Pictures with short captions
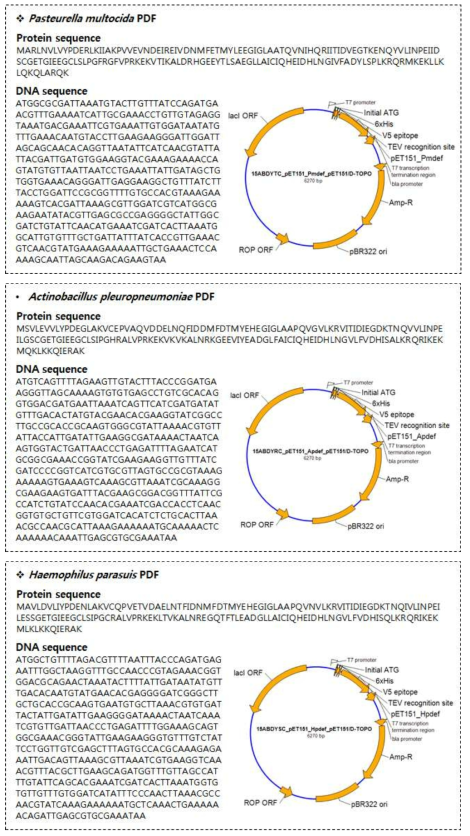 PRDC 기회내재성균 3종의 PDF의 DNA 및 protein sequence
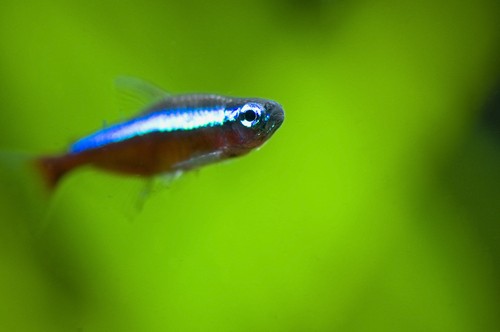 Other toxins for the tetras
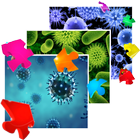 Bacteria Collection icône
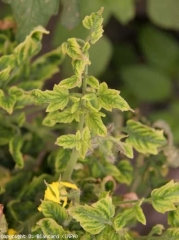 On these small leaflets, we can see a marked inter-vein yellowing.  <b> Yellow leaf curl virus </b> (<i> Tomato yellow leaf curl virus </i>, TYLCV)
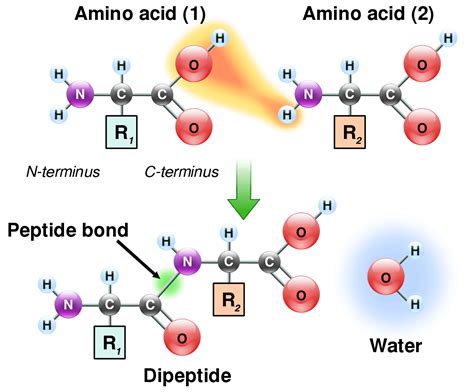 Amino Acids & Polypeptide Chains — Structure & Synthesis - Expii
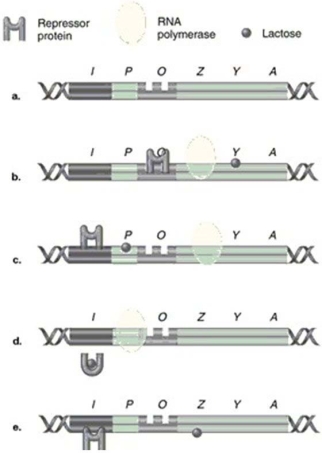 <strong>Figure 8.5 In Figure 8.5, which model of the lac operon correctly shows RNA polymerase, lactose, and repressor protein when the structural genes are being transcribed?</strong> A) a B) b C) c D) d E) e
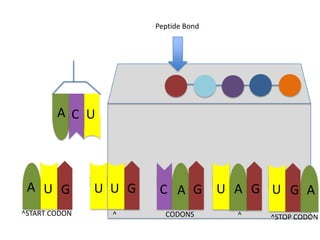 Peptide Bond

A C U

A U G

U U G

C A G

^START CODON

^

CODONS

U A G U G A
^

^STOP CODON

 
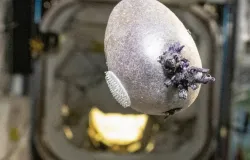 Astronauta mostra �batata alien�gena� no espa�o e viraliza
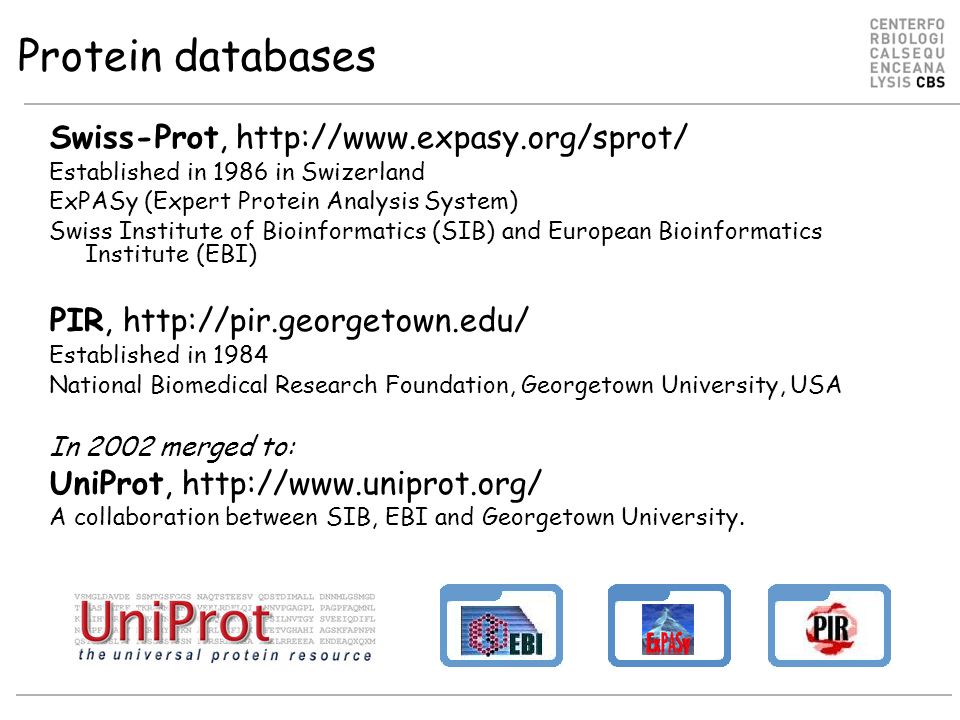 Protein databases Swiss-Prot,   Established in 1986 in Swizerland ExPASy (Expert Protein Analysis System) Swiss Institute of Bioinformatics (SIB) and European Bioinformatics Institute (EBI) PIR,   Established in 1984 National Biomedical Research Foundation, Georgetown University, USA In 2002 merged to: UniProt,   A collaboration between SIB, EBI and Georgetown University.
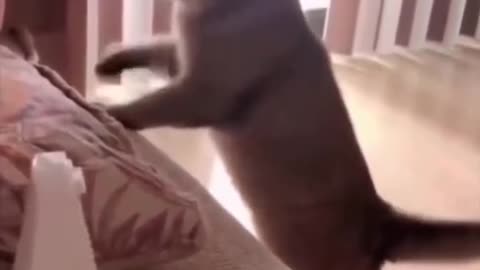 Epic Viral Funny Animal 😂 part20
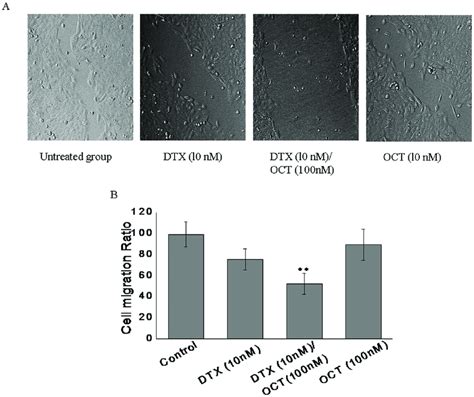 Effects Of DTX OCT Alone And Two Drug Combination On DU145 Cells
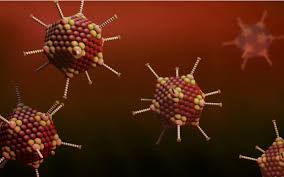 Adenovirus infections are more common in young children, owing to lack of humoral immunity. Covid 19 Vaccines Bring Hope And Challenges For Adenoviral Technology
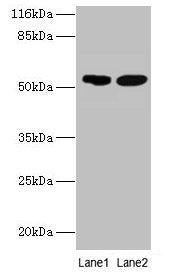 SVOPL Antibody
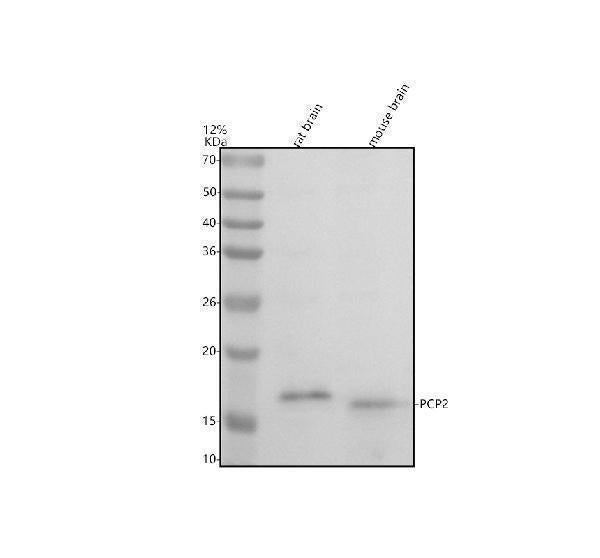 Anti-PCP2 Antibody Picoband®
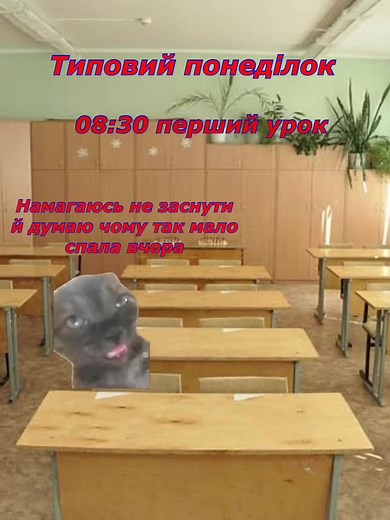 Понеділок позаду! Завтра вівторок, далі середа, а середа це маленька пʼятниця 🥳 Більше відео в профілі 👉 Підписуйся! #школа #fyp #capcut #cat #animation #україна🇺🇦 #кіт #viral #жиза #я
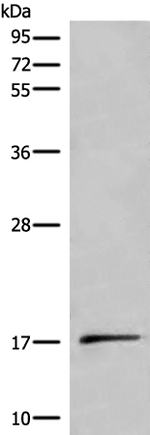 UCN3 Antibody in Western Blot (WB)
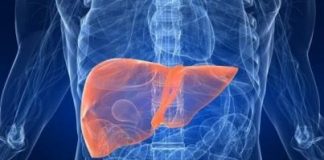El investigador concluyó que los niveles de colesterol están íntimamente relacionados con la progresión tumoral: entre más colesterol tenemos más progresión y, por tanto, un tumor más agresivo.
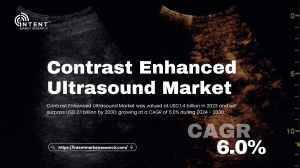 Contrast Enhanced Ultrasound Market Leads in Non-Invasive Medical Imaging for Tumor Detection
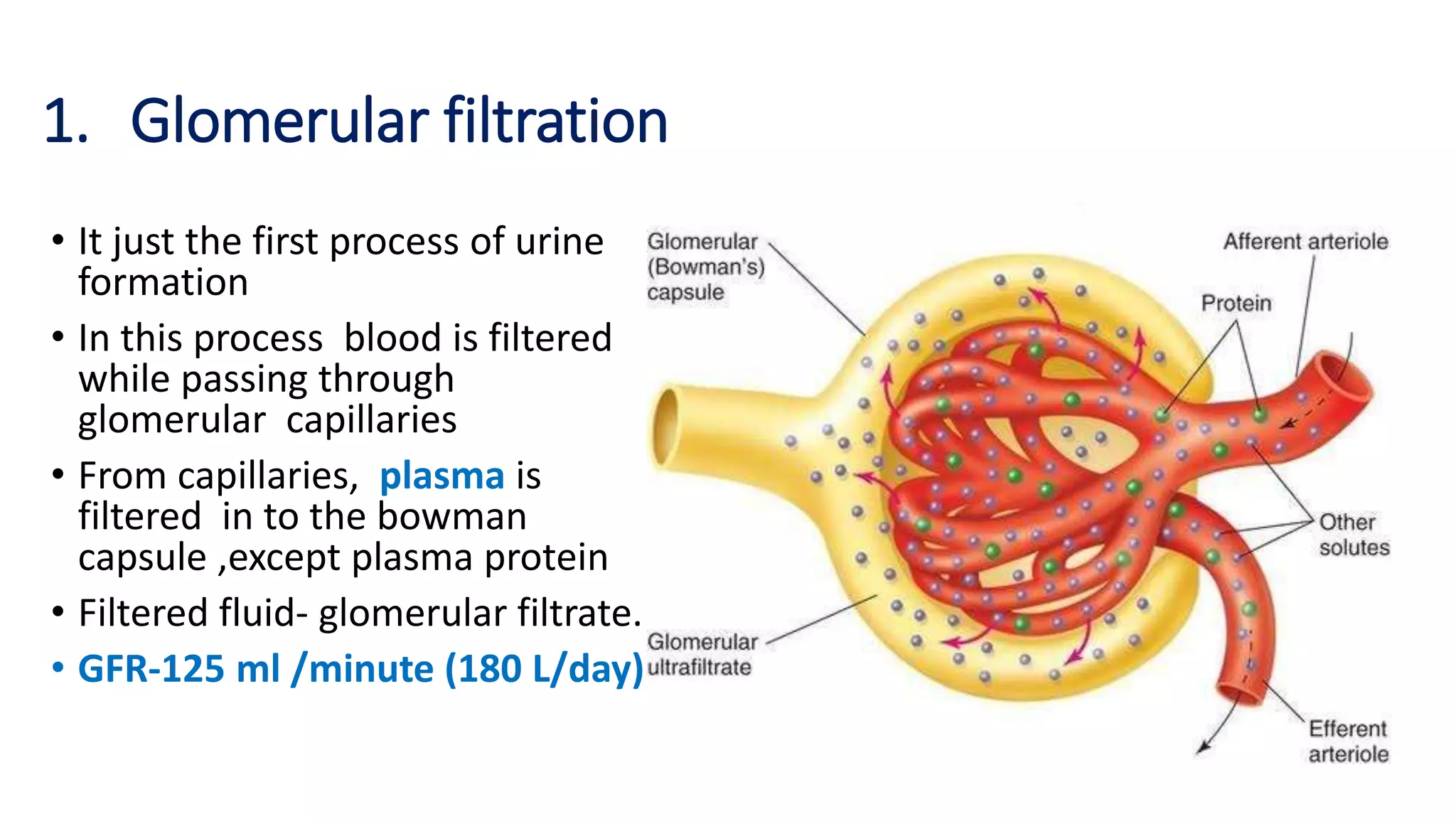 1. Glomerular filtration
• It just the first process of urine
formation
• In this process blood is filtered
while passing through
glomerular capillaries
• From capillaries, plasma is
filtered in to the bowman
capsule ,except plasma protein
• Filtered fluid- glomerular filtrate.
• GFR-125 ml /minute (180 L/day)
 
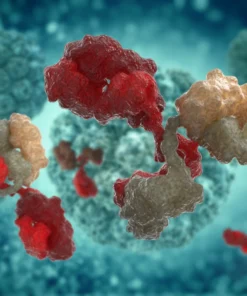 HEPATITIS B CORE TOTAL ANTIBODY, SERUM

▶ _About this exercise_: Every record must be returned exactly. Leave its pictures out.

▶ _Task solution_:
 PRDC 기회내재성균 3종의 PDF의 DNA 및 protein sequence
 Other toxins for the tetras
 Bacteria Collection icône
 On these small leaflets, we can see a marked inter-vein yellowing.  <b> Yellow leaf curl virus </b> (<i> Tomato yellow leaf curl virus </i>, TYLCV)
 Amino Acids & Polypeptide Chains — Structure & Synthesis - Expii
 <strong>Figure 8.5 In Figure 8.5, which model of the lac operon correctly shows RNA polymerase, lactose, and repressor protein when the structural genes are being transcribed?</strong> A) a B) b C) c D) d E) e
 Peptide Bond

A C U

A U G

U U G

C A G

^START CODON

^

CODONS

U A G U G A
^

^STOP CODON

 
 Astronauta mostra �batata alien�gena� no espa�o e viraliza
 Protein databases Swiss-Prot,   Established in 1986 in Swizerland ExPASy (Expert Protein Analysis System) Swiss Institute of Bioinformatics (SIB) and European Bioinformatics Institute (EBI) PIR,   Established in 1984 National Biomedical Research Foundation, Georgetown University, USA In 2002 merged to: UniProt,   A collaboration between SIB, EBI and Georgetown University.
 Epic Viral Funny Animal 😂 part20
 Effects Of DTX OCT Alone And Two Drug Combination On DU145 Cells
 Adenovirus infections are more common in young children, owing to lack of humoral immunity. Covid 19 Vaccines Bring Hope And Challenges For Adenoviral Technology
 SVOPL Antibody
 Anti-PCP2 Antibody Picoband®
 Понеділок позаду! Завтра вівторок, далі середа, а середа це маленька пʼятниця 🥳 Більше відео в профілі 👉 Підписуйся! #школа #fyp #capcut #cat #animation #україна🇺🇦 #кіт #viral #жиза #я
 UCN3 Antibody in Western Blot (WB)
El investigador concluyó que los niveles de colesterol están íntimamente relacionados con la progresión tumoral: entre más colesterol tenemos más progresión y, por tanto, un tumor más agresivo.
 Contrast Enhanced Ultrasound Market Leads in Non-Invasive Medical Imaging for Tumor Detection
 1. Glomerular filtration
• It just the first process of urine
formation
• In this process blood is filtered
while passing through
glomerular capillaries
• From capillaries, plasma is
filtered in to the bowman
capsule ,except plasma protein
• Filtered fluid- glomerular filtrate.
• GFR-125 ml /minute (180 L/day)
 
 HEPATITIS B CORE TOTAL ANTIBODY, SERUM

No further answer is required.